Quantos casos como o dele devem haver pelo país? Idosos na fila do SUS por uma cirurgia que, às vezes, não pode esperar.

Enquanto isso, o valor dos planos de saúde para essa parcela da população só aumenta. Você, jovem adulto de 30, 40 anos, já parou para pensar como será sua velhice? Terá um plano de saúde? Conseguirá se aposentar? A cada dia, esses tornam-se objetos de luxo a serem almejados por muitos brasileiros. Se no país onde ter carteira de trabalho assinada e férias remuneradas tornaram-se grandes benefícios, imagina o que um tíquete alimentação, um planozinho de saúde qualquer, uma ajuda no combustível ou a possibilidade de uma aposentadoria decente podem significar. É quase como ganhar na loteria.

Paguei o olho da cara para meu pai não perder o dele. Creio que qualquer filho com condições faria isso. A cirurgia foi um sucesso, mas a recuperação será longa. Deu tudo certo, mas, para ajudar nas despesas, decidi antecipar o lançamento do meu próximo livro, de contos e crônicas, e rifarei os primeiros exemplares. Qualquer valor extra que eu conseguir já estará valendo.

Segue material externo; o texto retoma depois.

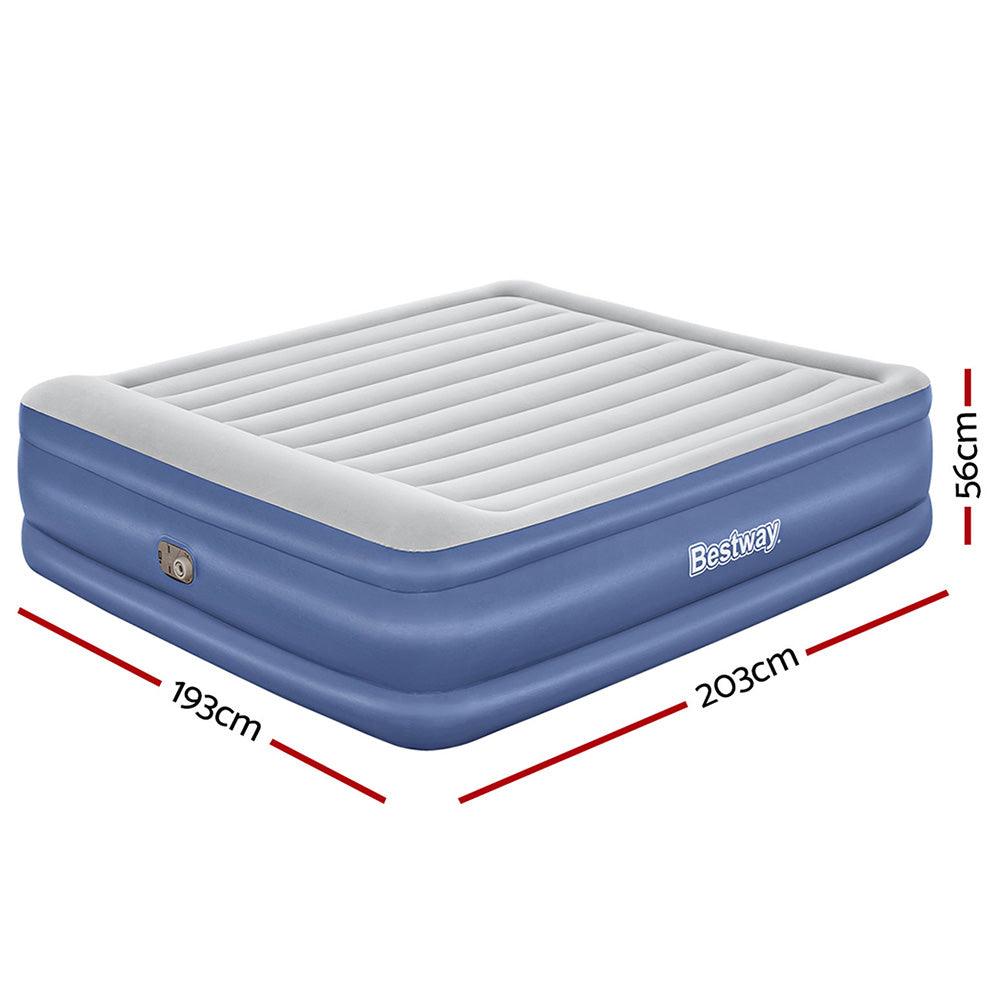Bestway Air Mattress King Inflatable Bed 56cm Airbed Blue - Harrogates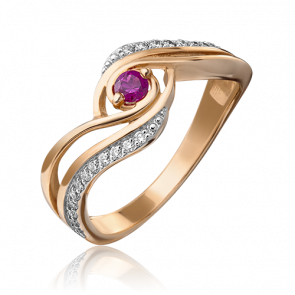 Золотое кольцо Platina с бриллиантом и рубином 01-0881-00-107-1110-30 фото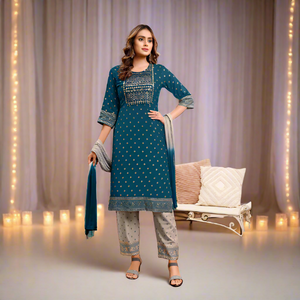 Exclusive Blue Naira cut Kurti Pant Dupatta Suit mahezon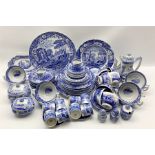 Collection of Copeland Spode Italian pattern blue and white table ware for dinner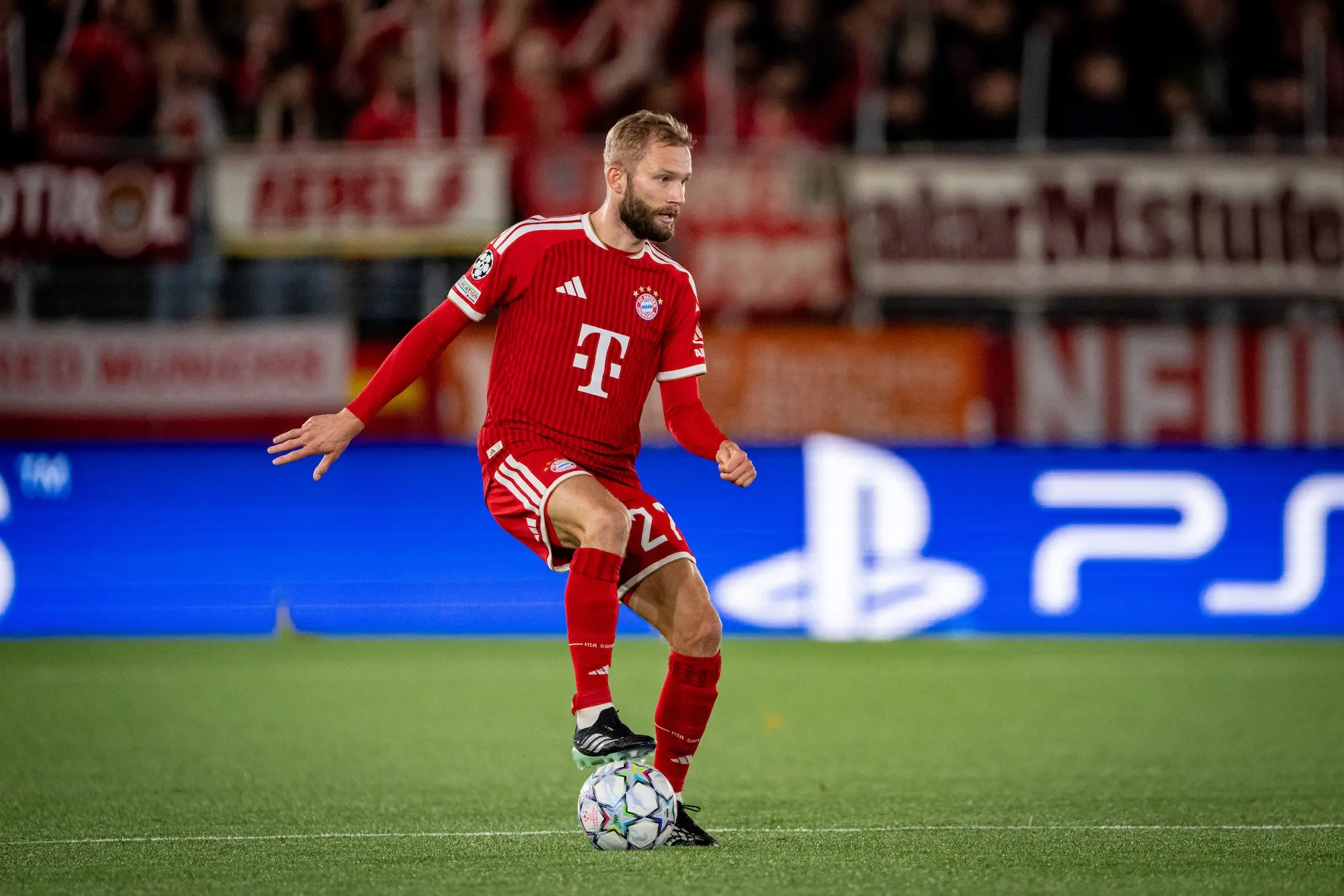 Konrad Laimer of FC Bayern Muenchen dribbles the ball during the UEFA Champions League 2026/27 League Phase.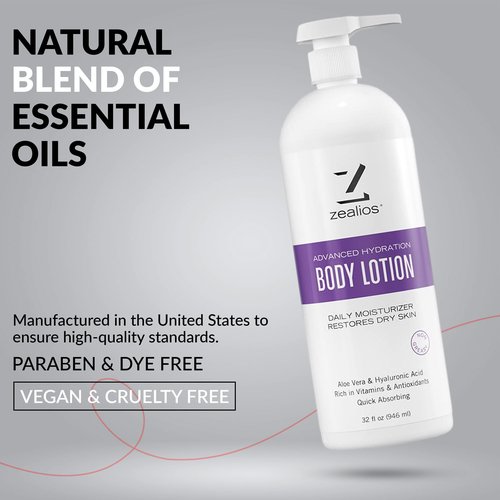 Zealios Advanced Hydration Body Lotion for Dry Skin 32oz - Deep Hydration Formula, Skincare Moisturizer with Vitamins & Antioxidants, Non-Greasy Lotion, Light Papaya & Lychee Scent
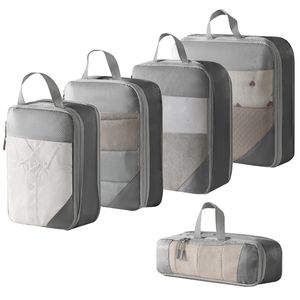 Bolsas de armazenamento 5pcs Bolsa de armazenamento de viagem Conjunto de armazenamento compressível Cubos de cubos Organizador de bagagem portátil Bolsa de mal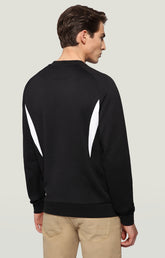 Sweatshirt with inserts and textured logo - BLACK | Bikkembergs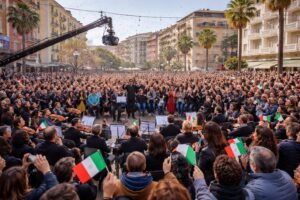 gente che canta in strada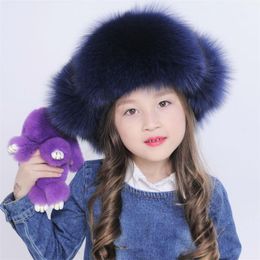 Berets Real Fur Hats For Kids Boys And Girls Thick Winter Outdoor Ear Warm Hat With Flap Children Russian Trapper R12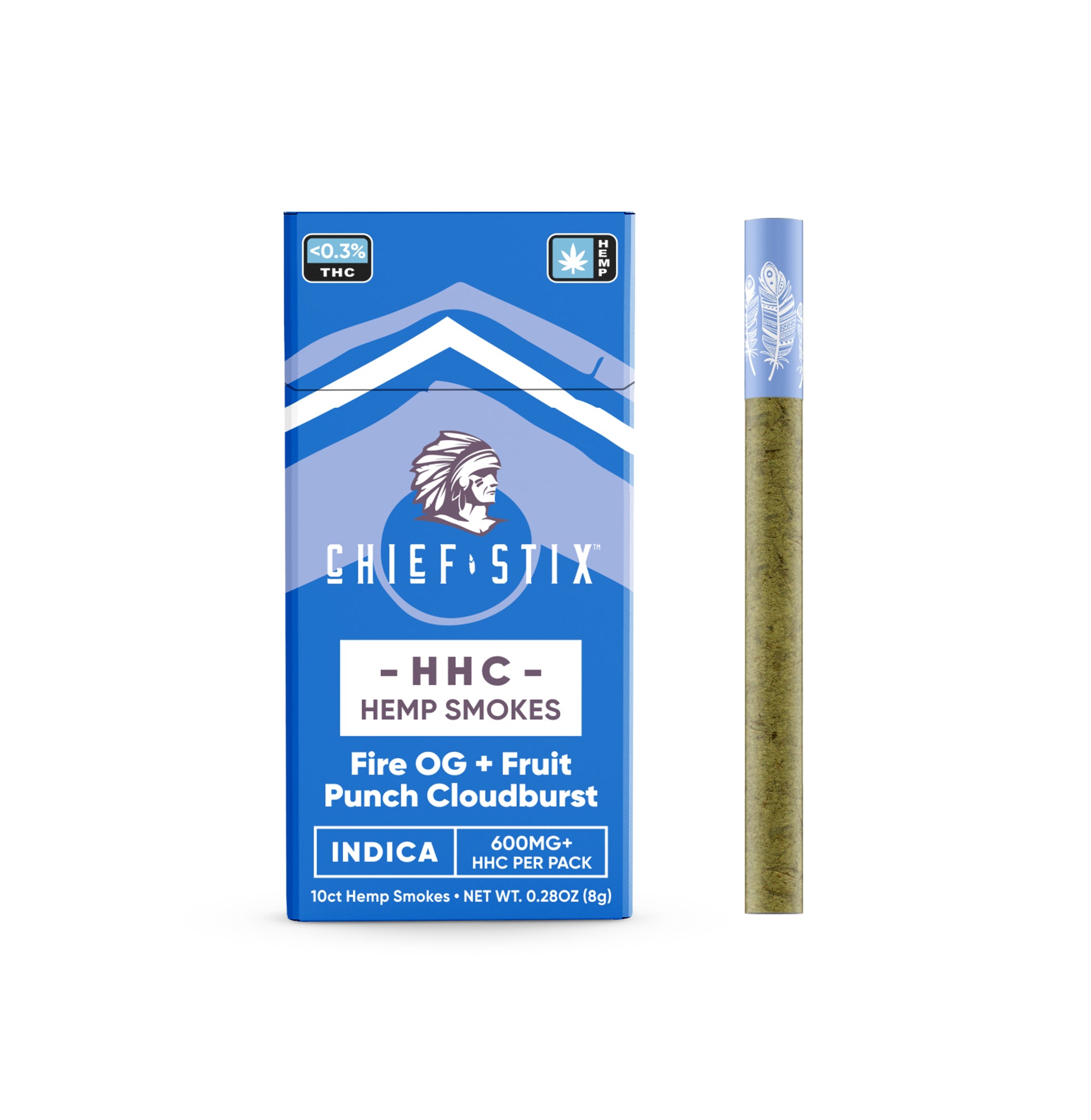 Chief Stix HHC Infused Hemp Smokes Fire OG + Fruit Punch Indica 600mg (10ct) - Carton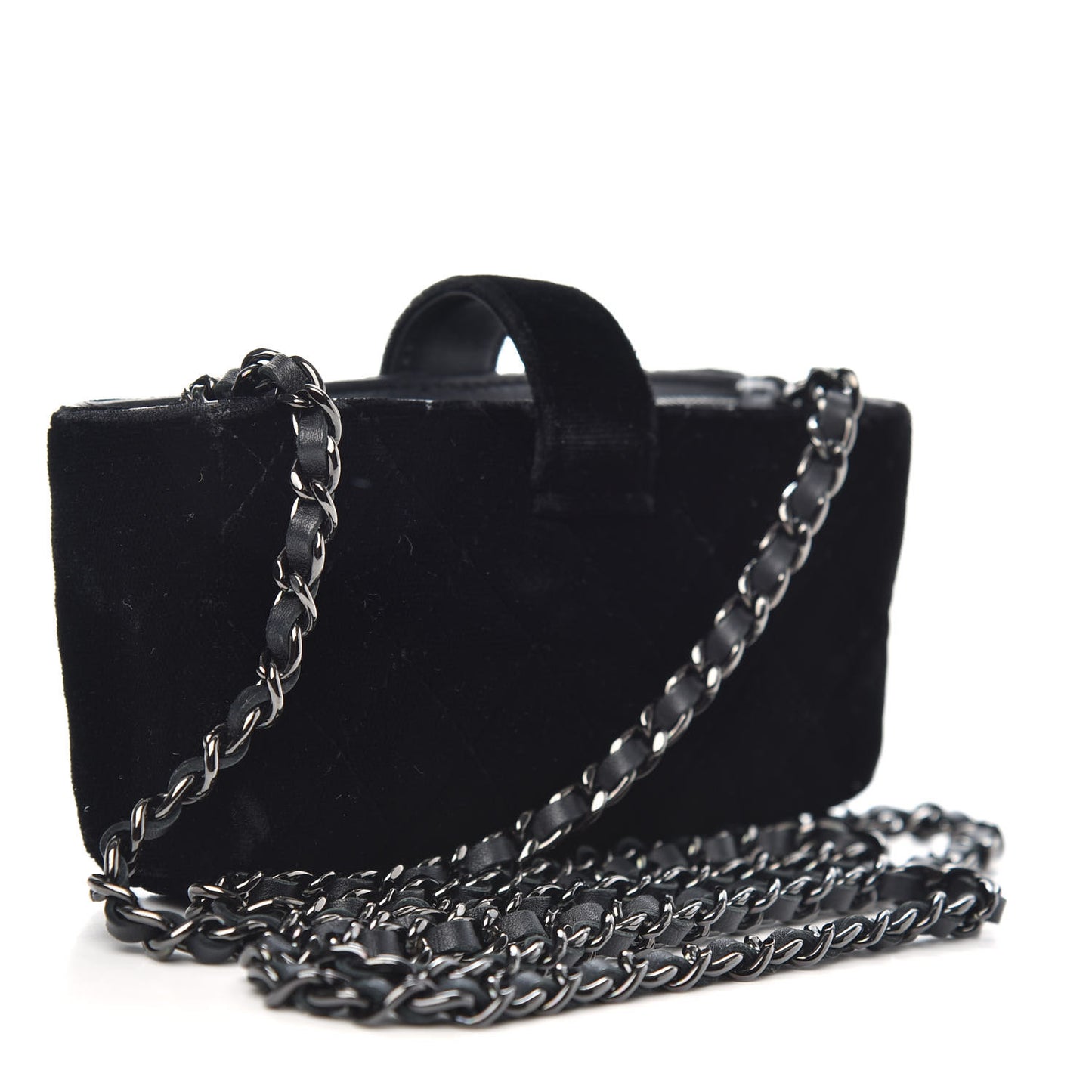 Velvet Quilted Small Clutch With Chain Black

E eu que pensava que meus pais iriam curtir uma aposentadoria tranquila, viajando pelo Brasil e pelo mundo. Se não contam com muito dinheiro e nem com plano de saúde, pelo menos eles têm uns aos outros, além do quintal com algumas frutas e flores lá no interior. Para eles, parece ser o suficiente, além de receber notícias do filho que vive na capital do país. Nasceram com muito pouco e se acostumaram a viver assim. "O importante é ter saúde, meu fi", como eles e muitos outros idosos brasileiros dizem.